### Random Forest and Logistic Regression Prediction Accuracies Comparison
We are going to predict diagnostics of cardiac Single Proton Emission Computed Tomography (SPECT) images by splitting the dataset into traingin and test set's. Each of the patients is classified into two categories: normal(specified as 0 in the dataset's first column) and abnormal(specified as 1). Properties are described here https://archive.ics.uci.edu/ml/datasets/SPECTF+Heart

In [2]:
import numpy as np
import matplotlib.pyplot as plt
import random
from decision_tree import DecisionTree
from random_forest import RandomForest
from logistic_regression import gradient_descent
from logistic_regression import sigmoid

#### loading the dataset

In [3]:
filename = 'SPECTF.dat'
data = np.loadtxt(filename, delimiter=',')

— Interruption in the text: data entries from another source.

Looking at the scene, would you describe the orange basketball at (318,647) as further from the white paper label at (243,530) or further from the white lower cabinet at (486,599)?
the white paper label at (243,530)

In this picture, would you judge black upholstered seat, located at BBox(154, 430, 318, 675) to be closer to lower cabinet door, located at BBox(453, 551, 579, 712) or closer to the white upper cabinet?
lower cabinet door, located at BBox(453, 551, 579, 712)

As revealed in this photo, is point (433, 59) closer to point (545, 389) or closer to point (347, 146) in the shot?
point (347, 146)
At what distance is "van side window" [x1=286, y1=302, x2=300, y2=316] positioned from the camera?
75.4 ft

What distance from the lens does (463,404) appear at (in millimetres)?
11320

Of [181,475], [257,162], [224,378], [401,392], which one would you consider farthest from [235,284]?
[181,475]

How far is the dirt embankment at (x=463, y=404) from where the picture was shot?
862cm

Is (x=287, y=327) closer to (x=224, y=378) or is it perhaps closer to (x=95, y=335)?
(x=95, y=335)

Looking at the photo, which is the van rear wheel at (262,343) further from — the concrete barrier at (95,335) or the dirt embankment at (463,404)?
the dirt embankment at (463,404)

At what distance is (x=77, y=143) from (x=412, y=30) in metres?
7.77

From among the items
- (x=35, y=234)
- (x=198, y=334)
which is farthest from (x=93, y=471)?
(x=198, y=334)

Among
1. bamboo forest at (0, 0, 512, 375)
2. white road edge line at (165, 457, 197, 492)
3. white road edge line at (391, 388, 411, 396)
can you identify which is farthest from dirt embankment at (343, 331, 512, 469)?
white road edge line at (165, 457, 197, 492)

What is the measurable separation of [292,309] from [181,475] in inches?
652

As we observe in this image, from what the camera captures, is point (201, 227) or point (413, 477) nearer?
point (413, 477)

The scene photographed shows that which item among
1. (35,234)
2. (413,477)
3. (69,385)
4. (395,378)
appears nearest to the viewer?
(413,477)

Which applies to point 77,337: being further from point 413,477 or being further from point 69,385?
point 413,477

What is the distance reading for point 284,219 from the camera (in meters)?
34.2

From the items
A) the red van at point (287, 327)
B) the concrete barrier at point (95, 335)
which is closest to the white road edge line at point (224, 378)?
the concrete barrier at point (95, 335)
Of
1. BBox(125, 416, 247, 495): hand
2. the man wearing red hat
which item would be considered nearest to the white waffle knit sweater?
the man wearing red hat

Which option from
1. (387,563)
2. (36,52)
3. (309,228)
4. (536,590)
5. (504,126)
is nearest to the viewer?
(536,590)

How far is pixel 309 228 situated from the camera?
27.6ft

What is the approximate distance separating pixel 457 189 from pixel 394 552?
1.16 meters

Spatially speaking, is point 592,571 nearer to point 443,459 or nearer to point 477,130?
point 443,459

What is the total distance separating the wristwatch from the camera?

#### printing a sample from the dataset (first and last rows)

In [8]:
print(data[[1, -1]])
print(data.shape)

[[  1.  72.  62.  69.  67.  78.  82.  74.  65.  69.  63.  70.  70.  72.
   74.  70.  71.  72.  75.  66.  65.  73.  78.  74.  79.  74.  69.  69.
   70.  71.  69.  72.  70.  62.  65.  65.  71.  63.  60.  69.  73.  67.
   71.  56.  58.]
 [  0.  64.  66.  68.  71.  62.  64.  74.  73.  63.  67.  66.  74.  70.
   74.  59.  64.  75.  73.  70.  66.  79.  81.  79.  78.  61.  62.  76.
   72.  67.  67.  71.  75.  65.  62.  70.  69.  68.  65.  75.  72.  62.
   64.  57.  54.]]
(267, 45)


#### the below function computes the accuracy of evaluation

In [5]:
def accuracy_score(Y_true, Y_predict):
    accuracy = 0
    for i in range(len(Y_true)):
        if Y_true[i] == Y_predict[i]:
            accuracy = accuracy + 1
    return accuracy / len(Y_true) * 100.0

#### the main function to evaluate performance

In [7]:
def evaluate_performance():
    X = data[:, 1:]
    y = np.array([data[:, 0]]).T
    n, d = X.shape
    all_accuracies_forest = []
    all_accuracies_log_reg = []
    NUMBER_OF_TREES = 10
    MAX_TREE_DEPTH_RF = 100
    MAX_TREE_DEPTH_TR = 100
    RATIO_PER_TREE = 0.75

    for trial in range(50):
        print('trial', trial + 1)
        idx = np.arange(n)
        np.random.seed(13)
        np.random.shuffle(idx)
        X = X[idx]
        y = y[idx]

        # divide data into train-test
        folds, i = 10, 3
        Xtest = X[i::folds]  # i::folds = i-th element, (i+folds)th element, ...
        ytest = y[i::folds]
        Xtrain = np.array([X[j] for j in range(len(X)) if (j % folds) != i])
        ytrain = np.array([y[j] for j in range(len(y)) if (j % folds) != i])
        train_data = np.column_stack((Xtrain, ytrain))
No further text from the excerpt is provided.